La bibliothèque royale lui dut une partie de ses richesses, connues encore aujourd’hui sous le nom de fonds Colbert. Son propre frère, Nicolas Colbert, évêque d’Auxerre, en accepta la garde. Elle fut transportée en 1666 dans deux maisons de la rue Vivienne, propriété de Colbert, contiguës à son hôtel, et qui lui venaient d’un legs de Mazarin. Ces bâtiments font encore aujourd’hui partie de la Bibliothèque nationale.
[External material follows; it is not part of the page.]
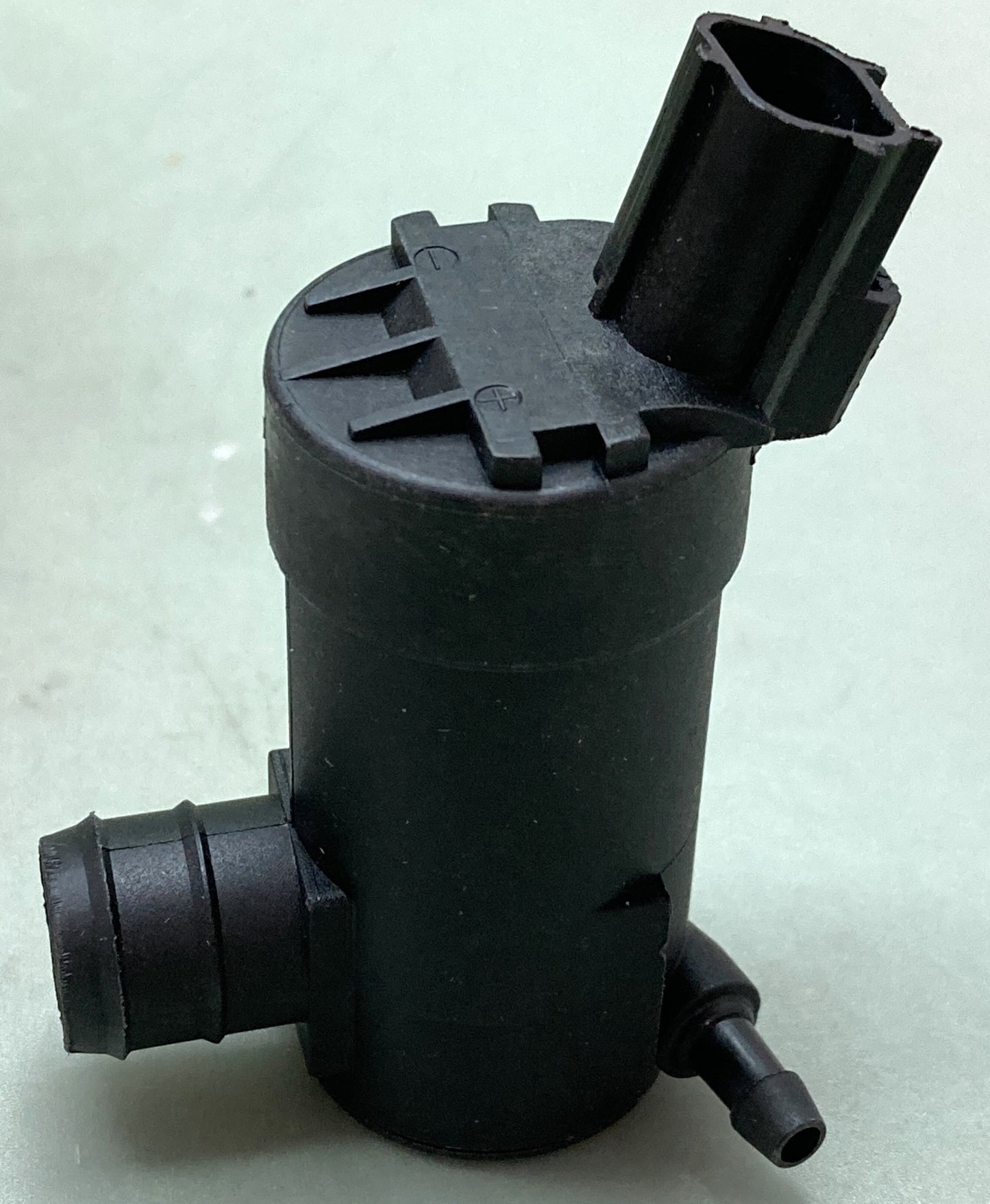 New Genuine International 2511834C1 Pump Washer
Il fit en 1667 construire l’Observatoire, et bientôt de belles découvertes y furent faites par les Cassini et les Huygens qu’il avait attirés par ses bienfaits. Il pourvut aux dépenses de la construction de l’hôtel des Invalides. Ces deux arcs de triomphe qui subsistent encore à Paris sous le nom de porte Saint- Denis et de porte Saint-Martin furent également construit sous le ministère de Colbert.
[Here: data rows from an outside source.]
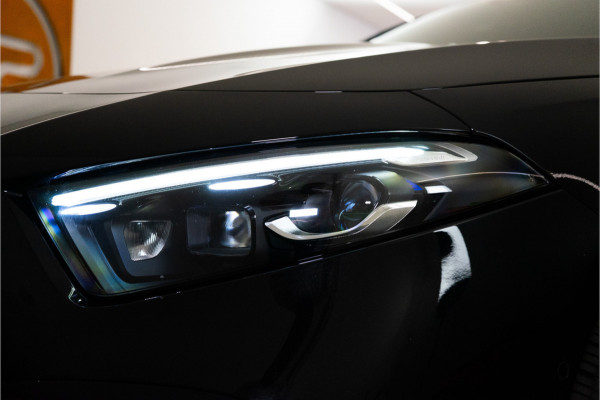 Mercedes-Benz A-Klasse 250 e Premium AMG Facelift 218PK | Pano | Sfeer | Keyless | Carplay | 12 MND Garantie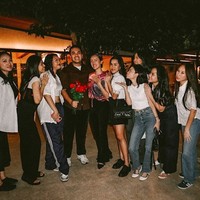 Ekspresi bahagia terlihat jelas di wajah Nabila dan kekasihnya itu. Di keterangan unggahannya juga tertulis jika dirinya begitu terkejut mendapat kejutan lamaran yang tak pernah dibayangkannya sebelumnya. Foto: Instagram/@nabilasudiro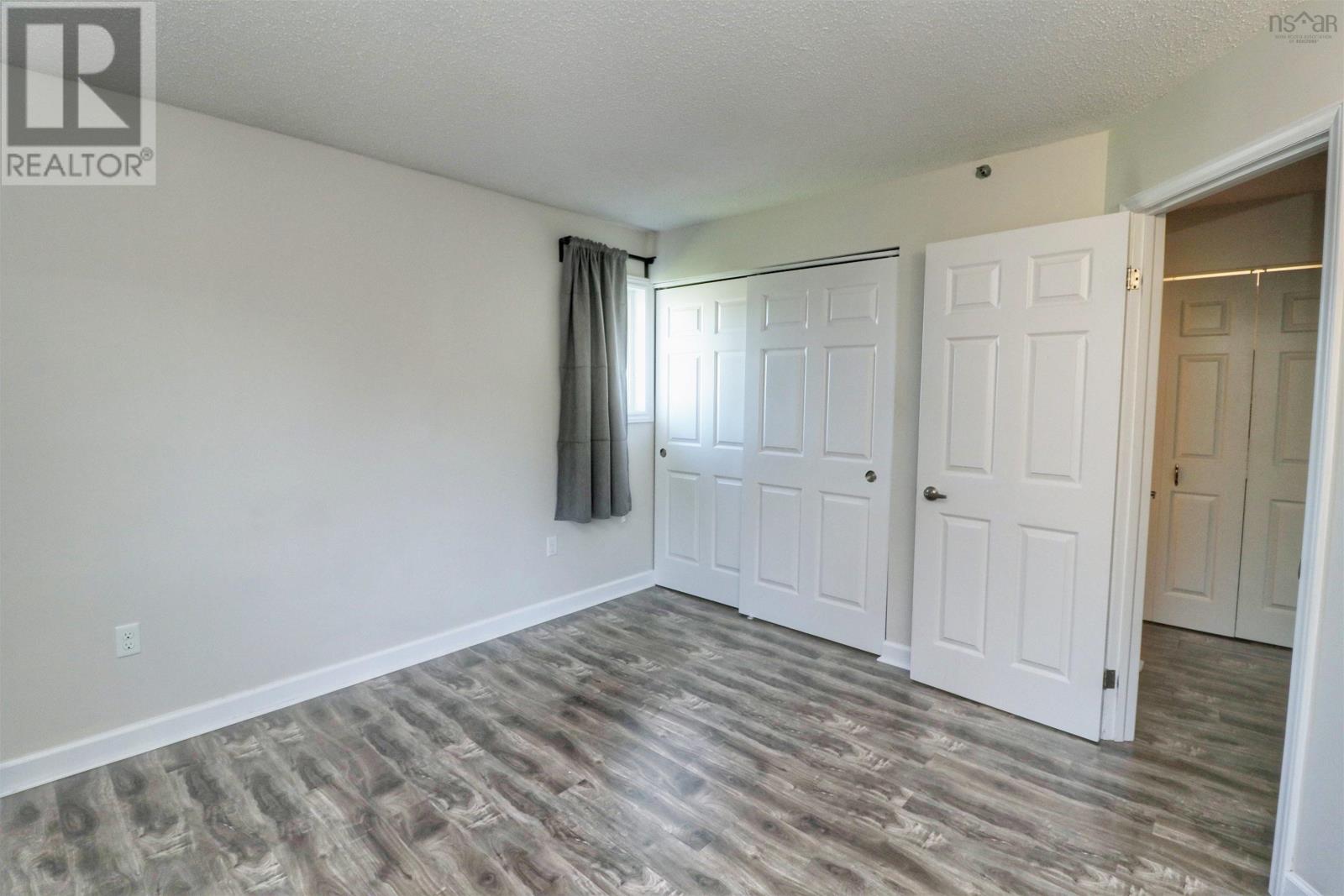 206 158 Farnham Gate Road Property Photo 23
Avant lui, les habitants de Paris était chargés du pavage de la ville ; il prit au compte de l’Etat cette charge pénible et d’ailleurs mal remplie ; il pourvut à l’éclairage public, qu’il rendit plus régulier et plus complet ; dès 1666 il assura la police de la capitale par l’établissement de vingt-quatre corps de garde. Dès lors on n’eut plus le droit de dire avec Boileau :

Le bois le plus obscur et le moins fréquenté

Est, auprès de Paris, un lieu de sûreté[5].

Il est permis de présumer que, laissé à lui-même, Colbert n’aurait fait parmi ces dépenses que celles véritablement utiles. Il est curieux de recherchera quel chiffre elles se sont élevées. Voltaire parle de 500 millions ; Mirabeau, le père de l’orateur, dit 1.200 ; Volney, dans son Cours d’histoire à l’école normale (an III, 1795), arrive au chiffre énorme de 4 milliards 600 millions ! Il se plaint de la disparition des registres de comptes. Or ces registres ont été retrouvés ; ils ont permis d’établir à peu près exactement l’état des dépenses, et on a été étonné de voir que Voltaire était le plus près de la vérité[6]. Le chiffre s’élève à 165 millions du temps, ce qui ferait 495 millions de notre monnaie, en appliquant la règle que nous avons indiquée dès le début de cette étude. C’est encore trop quand on songe aux charges qui pesaient en même temps sur la France par le fait des guerres.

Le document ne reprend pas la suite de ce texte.